Microsoft Sentinel Lab Setup

This is a writeup of the process I went through to build, deploy, and test a Security Information and Event Management (SIEM) system using Microsoft Sentinel. This is a great way to get practical experience with a cloud-based SIEM and learn how to monitor and respond to security incidents in a cloud environment.

Objectives: Create a Windows 11 VM, deploy Microsoft Sentinel, and test the SIEM by generating alerts

Introduction: What is a SIEM?

What is a SIEM? A Security Information and Event Management (SIEM) system is a centralized platform that collects, aggregates, and analyzes security data from various sources across an organization’s network. SIEM systems provide real-time monitoring, alerting, and reporting capabilities to help organizations detect and respond to security incidents. As a security analyst or incident responder, having experience with SIEM systems is crucial for effectively monitoring and defending an organization’s network.

Lab Setup

Step 1: Create a Windows 11 VM

The first step in setting up our SIEM lab is to create a Windows 11 virtual machine (VM) in Microsoft Azure. We will use this VM to allow RDP connections and create rules to generate security alerts in Microsoft Sentinel.

Below shows the settings used to create a Windows 11 VM, we will use default settings for most configurations and place the VM in a new resource group called Project1VM_Group.

While the VM is deploying, we will move on to the next step.

Step 2: Creating the Log Analytics Workspace

The next step is to create a Log Analytics workspace in Azure. This workspace will be used to store and analyze the security logs generated by our Windows 11 VM. We have to configure the event logs of the VM to be sent to this workspace, and then to Sentinel. Below, we create a new Log Analytics workspace and use the same resource group as the VM.

Now, we will wait for both the VM and the Log Analytics workspace to be deployed.

Step 3: Installing a Data Connector

Once the VM and Log Analytics workspace are deployed, we need to install a data connector to send security logs to the Log Analytics workspace. A data connector is a configuration that allows data to flow from a data source to a destination, in this case, from the Windows 11 VM to the Log Analytics workspace, allowing Sentinel to analyze the data. We will use the Windows Security Events data connector to collect security events.
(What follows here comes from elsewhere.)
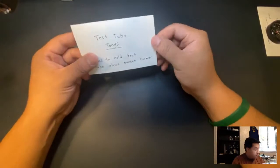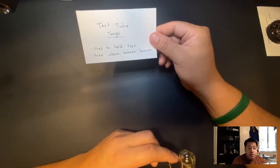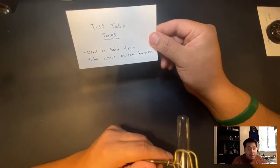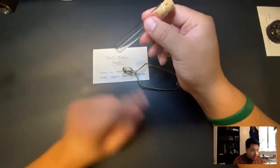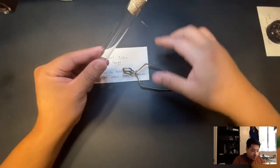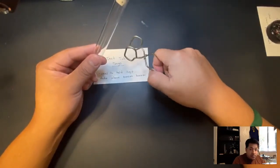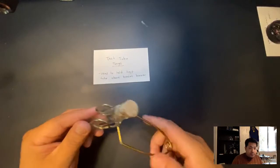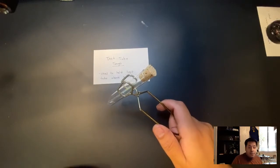Next we have tongs. We're probably not going to use these too much in the science lab but we're going to talk about them. Tongs are used to hold test tubes above a Bunsen burner. Instead of holding the test tube with your hand when heating a solution, you grab tongs, give it a good squeeze in the middle, and hold it above the fire.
This options comes with 2 data connectors by default, the one of interest for us is Windows Security Events via Azure Monitor Agent (AMA).

Step 4: Configuring the Data Connector

Next, we will create the data collection rule for the Windows Security Events data connector. This rule specifies which events to collect and how to send them to the Log Analytics workspace. We will configure the rule to collect all security events from the Windows Security log and send them to the Log Analytics workspace.

Now, we can go to the Logs sections of Sentinel. Here we can create rules, or query the logs for specific events. This can be more useful in a larger environment where more events will be triggered, but for the purposes of this lab, we will only see a few events and sorting them won’t be necessary.

Step 5: Creating an Alert Rule

We will create a simple alert rule in Sentinel to generate an alert when a specific event occurs. The rule we want to make is for successful RDP connections to our Windows 11 VM. We will accomplish this with the following query:

SecurityEvent
| where Activity contains "SUCCESS" and Account !contains "SYSTEM"

This query will look for successful logins that are not system accounts. This is accomplished using !contains "SYSTEM" to filter out system accounts.

Below is an overview of the new rule we created. This will alert us of a high severity event when a successful RDP connection is made to the Windows 11 VM, and the query will be run every 5 minutes.

Testing the Rule

In order to test our new rule, we will need to login to the Windows 11 VM using RDP. We will use the public IP address of the VM and the username and password we set up during the VM creation process. This should generate a high severity alert in Sentinel.

Switching back to Sentinel, we can see our dashboard with options such as Incidents, Analytics, Automation, and more. We can even see geo-location data of the IP addresses that have connected to our VM.

We can see some data already populated in the dashboard, and we can see a few Incidents have already occured.

And we are successful. After signing in, we can see an alert generated with a high severity. We can see the timestamp, MITRE tactic, and name of the alert. We have successfully implemented our SIEM for our cloud environment. In a real world environment, this would be a crucial step in monitoring and responding to security incidents. We could then investigate the incident further, and take appropriate actions such as blocking the IP address or user account.

Conclusion

In this lab, we have successfully set up a SIEM using Microsoft Sentinel in Azure. We created a Windows 11 VM, configured a Log Analytics workspace, installed a data connector, and created an alert rule to generate alerts for successful RDP connections. This lab provides hands-on experience with setting up and testing a SIEM system in a cloud environment, which is essential for security analysts and incident responders.